Bill Raftery has been a Garden regular since 1955
Bill Raftery is old enough to have played for LaSalle at the old Madison Square Garden on Eighth Avenue in the early 1960s, but his experience with college basketball in the building predates even that.
“The first time was Bill Russell [of San Francisco] playing against Tommy Heinsohn [of Holy Cross] in the [1955] Holiday Festival,’’ Raftery said Thursday as he prepared to work the NCAA East Regional as an analyst.
“I was just a [12-year-old] kid, watching Russell force Tommy to take hooks shots quite a distance away, because he couldn’t get the normal jump shot off. I was like, ‘Oh, my God.’’’
San Francisco won, 67-51, en route to the NCAA Championship.
Raftery also recalls the 1964 Holiday Festival semifinal between Bill Bradley of Princeton and Cazzie Russel of Michigan, which Michigan won, 80-78, in one of the most memorable college games in Garden history.
Raftery later coached Seton Hall at the current Garden before embarking on his long broadcasting career, including dozens of more games in the building.
“The Garden used to give us three or four national opponents that I didn’t have to return the game [on the road],’’ he said. “We could compete here and never win at Duke, win at Carolina, win at Vegas. We all felt like this is the big time, this is what you really play the game for.
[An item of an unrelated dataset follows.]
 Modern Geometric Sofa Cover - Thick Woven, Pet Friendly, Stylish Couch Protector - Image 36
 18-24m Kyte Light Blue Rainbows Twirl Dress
I know our players did and I know coming into this thing these kids will.’’
Raftery, who worked the first Big East Tournament on Fox earlier this month, said there was speculation last week that he and Verne Lundquist would be assigned to the Garden this weekend, but he does not like to look ahead.
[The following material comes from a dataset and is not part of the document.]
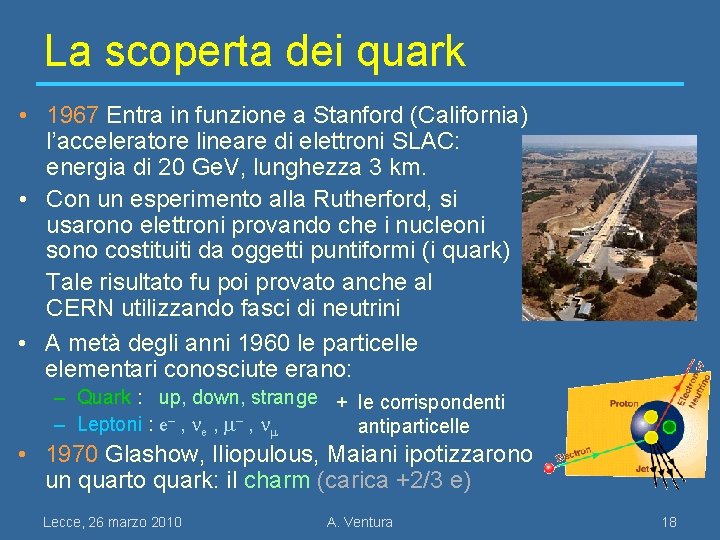 La scoperta dei quark • 1967 Entra in funzione a Stanford (California) l’acceleratore lineare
“I don’t really care where we go, but when it was decided, this is pretty special,’’ he said.
Raftery said he likes the new look of the Garden after a three-year renovation but like many he misses the “Willis Reed Tunnel,’’ which is hidden in the new configuration.
Raftery has a special place in his heart for the 1969-70 Knicks. The season before he took over at Seton Hall he said he attended every home game and 18 road games while sitting beside play-by-play man Bob Wolff writing helpful notes.
“It wasn’t a job,’’ he said. “I didn’t get paid anything.’’
Among the road games he attended was the one against the Royals that extended the Knicks’ winning streak to 18.
Raftery said he was friendly with Knicks coach Red Holzman and that Holzman and his wife, Selma, attended Raftery’s wedding to his wife, Joan.
Actually, Raftery said he missed one home game in that storied 1969-70 Knicks season. After Raftery accepted the Seton Hall job for 1970-71, outgoing coach Richie Regan insisted Raftery attend his retirement dinner.
Raftery complied. It was May 8, 1970, the night Reed walked through the tunnel and the Knicks won their first championship – the only one they have secured on their home floor at the Garden.